→ Data provided
╔══

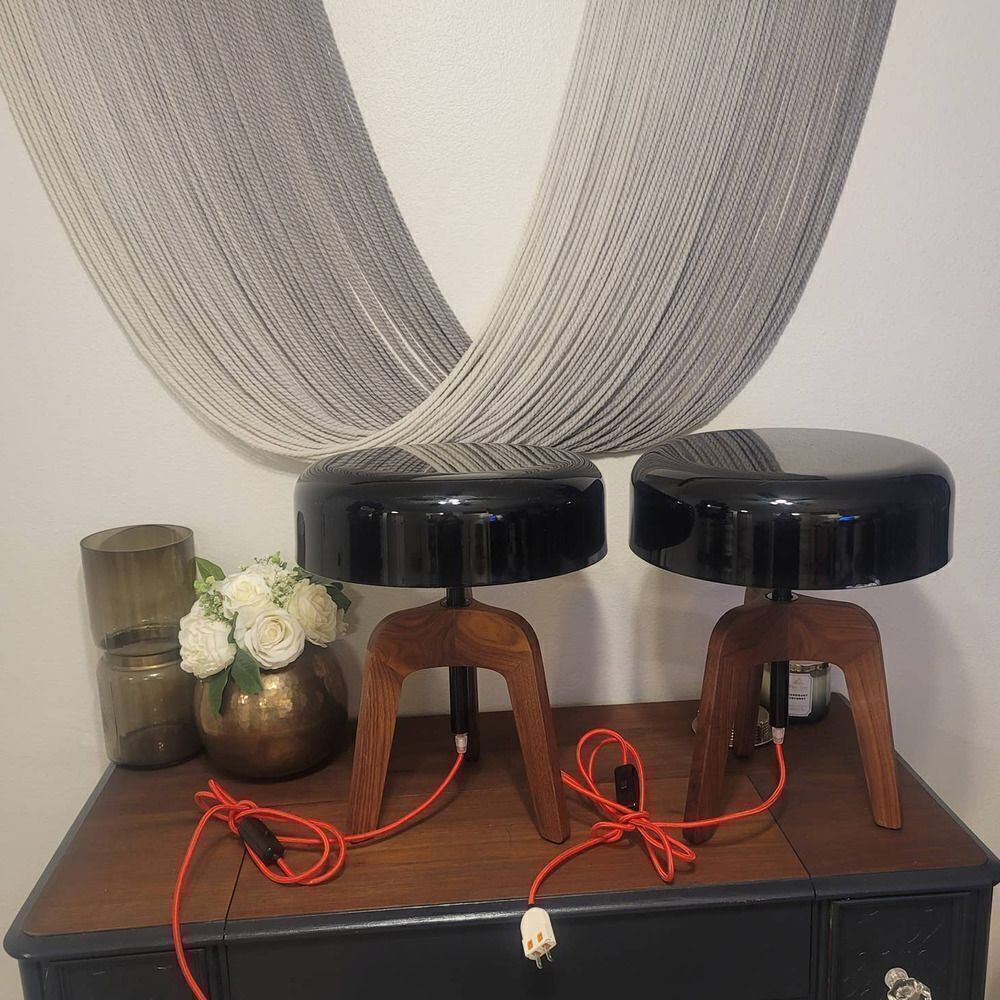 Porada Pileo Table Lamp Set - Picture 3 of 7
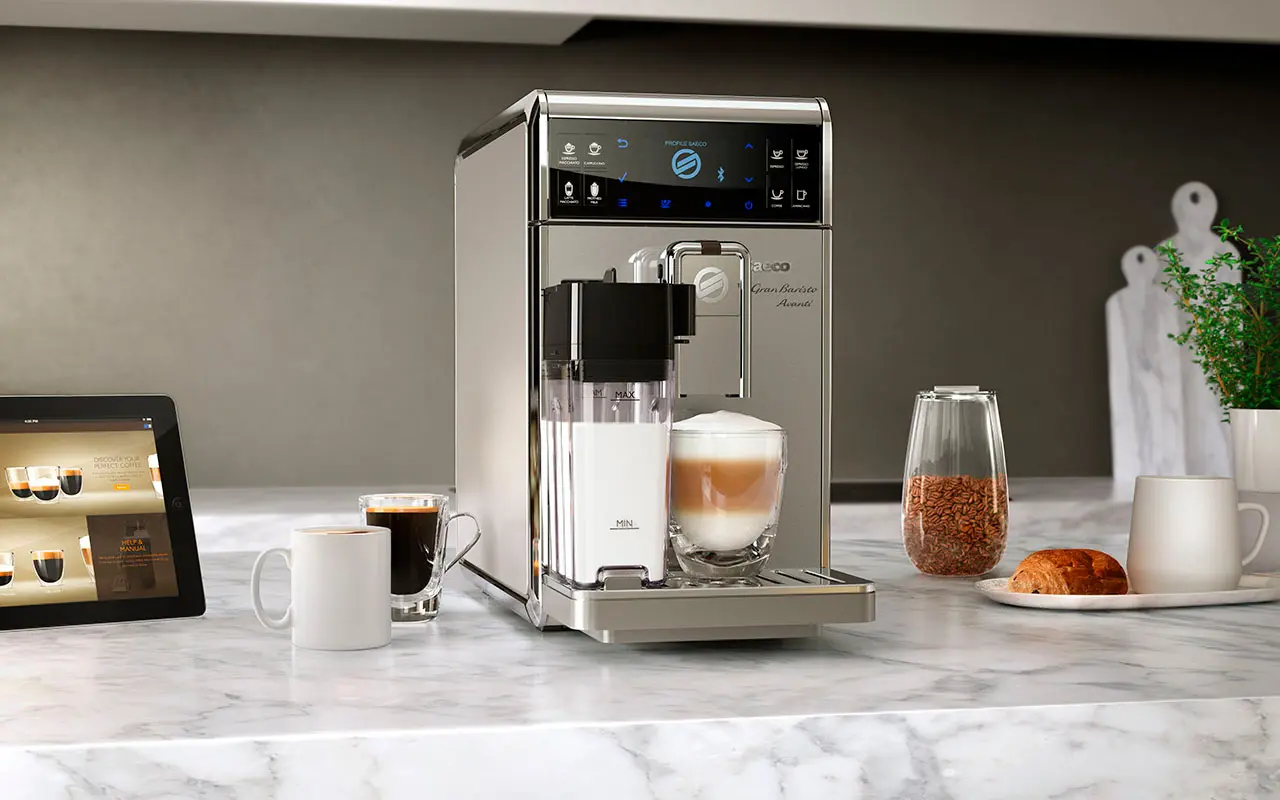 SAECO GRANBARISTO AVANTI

╚══
╔══

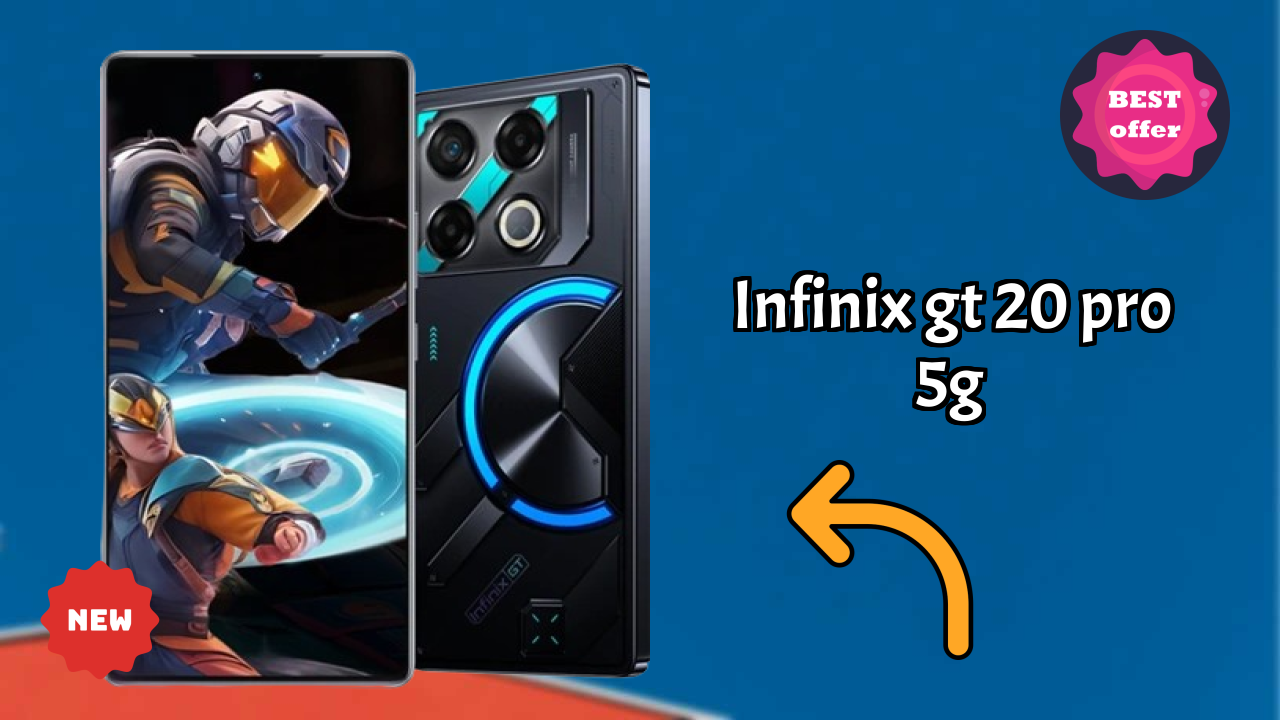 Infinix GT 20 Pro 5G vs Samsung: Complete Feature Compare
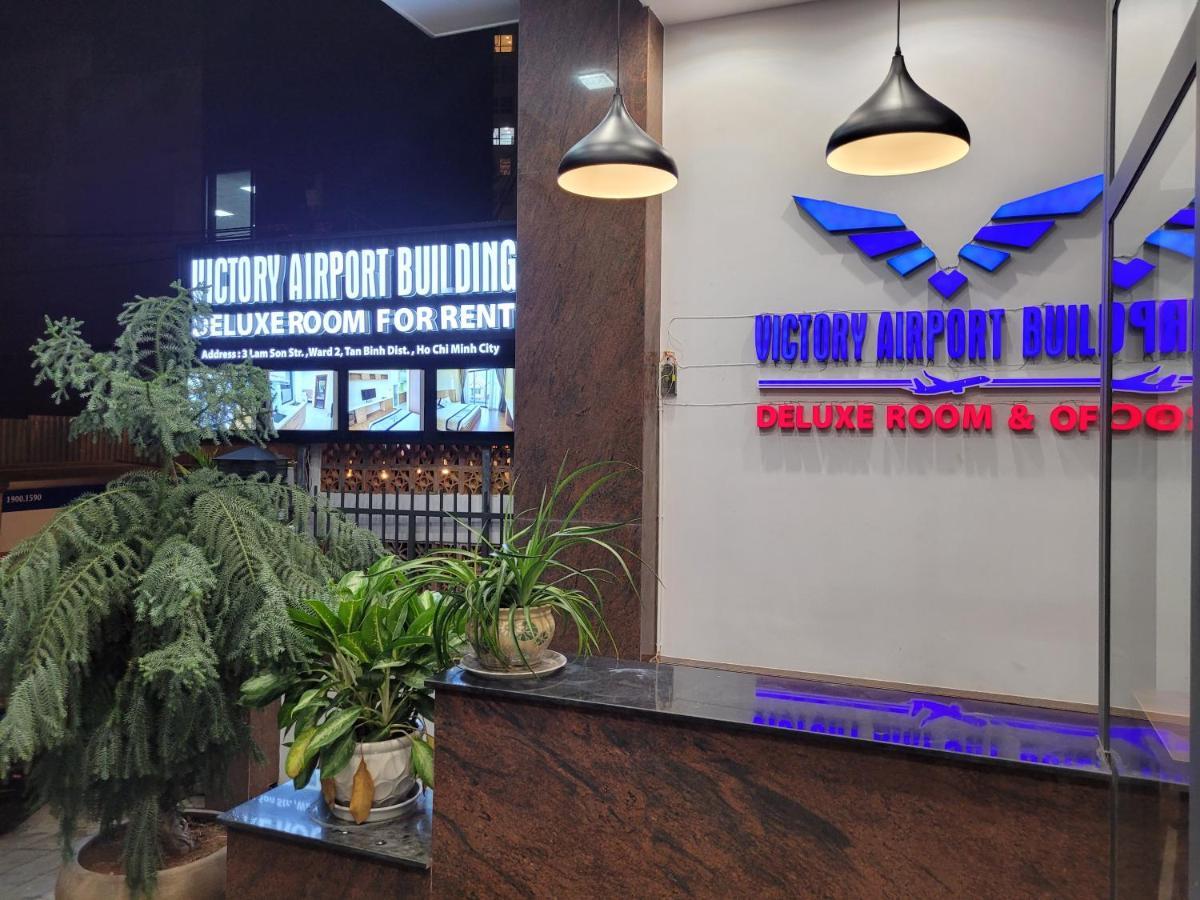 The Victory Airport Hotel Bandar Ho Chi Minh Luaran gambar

╚══
╔══

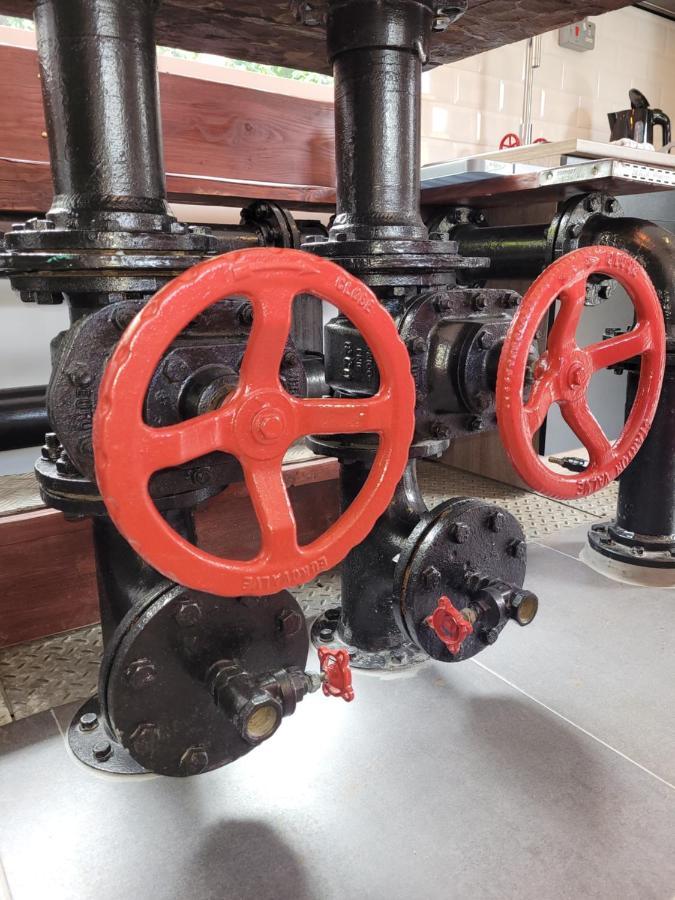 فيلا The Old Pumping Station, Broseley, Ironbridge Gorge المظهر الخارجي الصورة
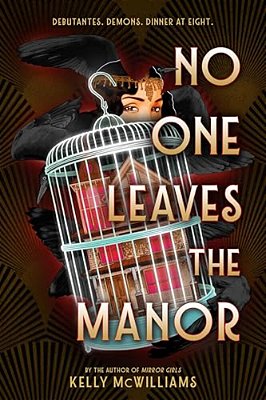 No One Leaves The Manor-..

╚══

→ Task prompt
Beginning with the line holding "Porada Pileo Table Lamp Set - Picture 3 of 7" in the material above, restate word for word each line through the line holding "SAECO GRANBARISTO AVANTI", and exclude pictures.

→ Solution for this problem
 Porada Pileo Table Lamp Set - Picture 3 of 7
 SAECO GRANBARISTO AVANTI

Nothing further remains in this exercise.